#### BRIEF
As soon as the line containing "Veda Handblock Printed" appears, start repeating lines exactly and continue to the end of the entries; please skip pictures.

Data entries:

<<<<

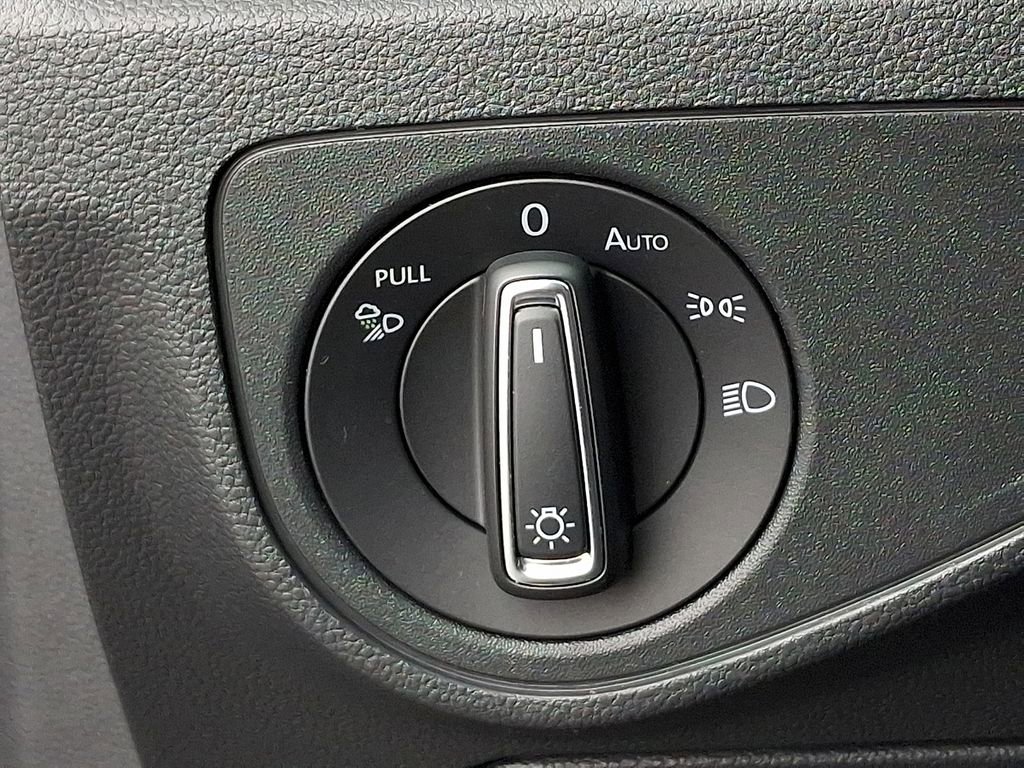 Used 2022 Volkswagen Atlas SE w/ Panoramic Sunroof Package image 26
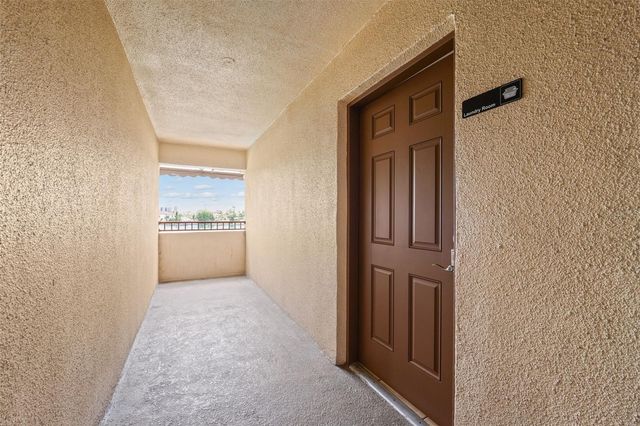 10265 GULF BOULEVARD A301, St Petersburg, FL 33706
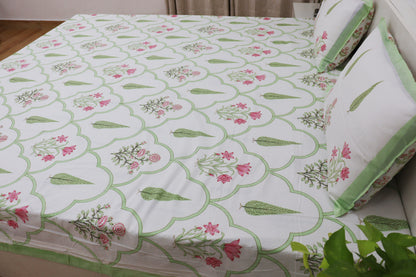 Veda Handblock Printed Percale Bedsheet 300 TC With Two Reversible Pillow Covers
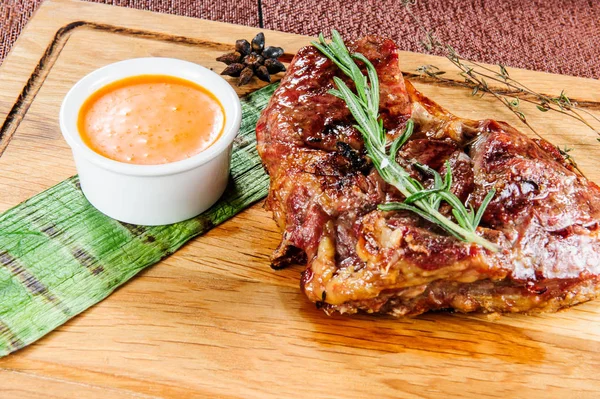 Filé de carne de porco grelhado . — Fotografia de Stock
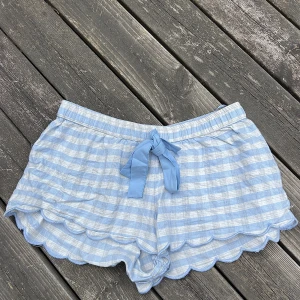 Pyjamas shorts  - Pyjamas shorts från hunkemöller i strl S med söta volang detaljer! Går inte att köpa dessa längre💕 supersköna & precis som nya! Kommer inte att visa dessa på pga de är korta 🤍 använd gärna köp nu!!🤝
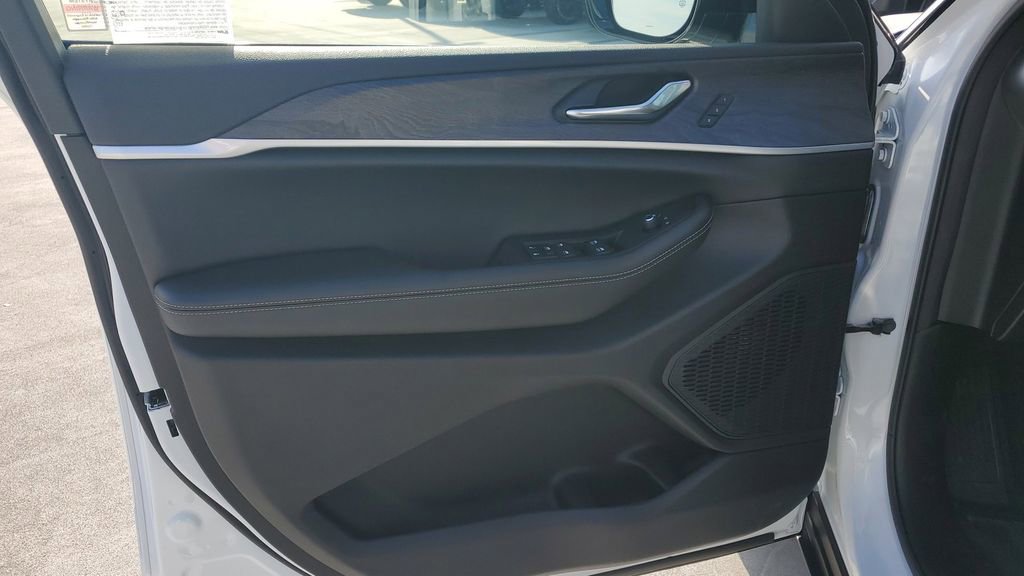 New 2025 Jeep Grand Cherokee Limited image 21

>>>>

#### ANSWER TO THIS PROBLEM
 Veda Handblock Printed Percale Bedsheet 300 TC With Two Reversible Pillow Covers
 Filé de carne de porco grelhado . — Fotografia de Stock
 Pyjamas shorts  - Pyjamas shorts från hunkemöller i strl S med söta volang detaljer! Går inte att köpa dessa längre💕 supersköna & precis som nya! Kommer inte att visa dessa på pga de är korta 🤍 använd gärna köp nu!!🤝
 New 2025 Jeep Grand Cherokee Limited image 21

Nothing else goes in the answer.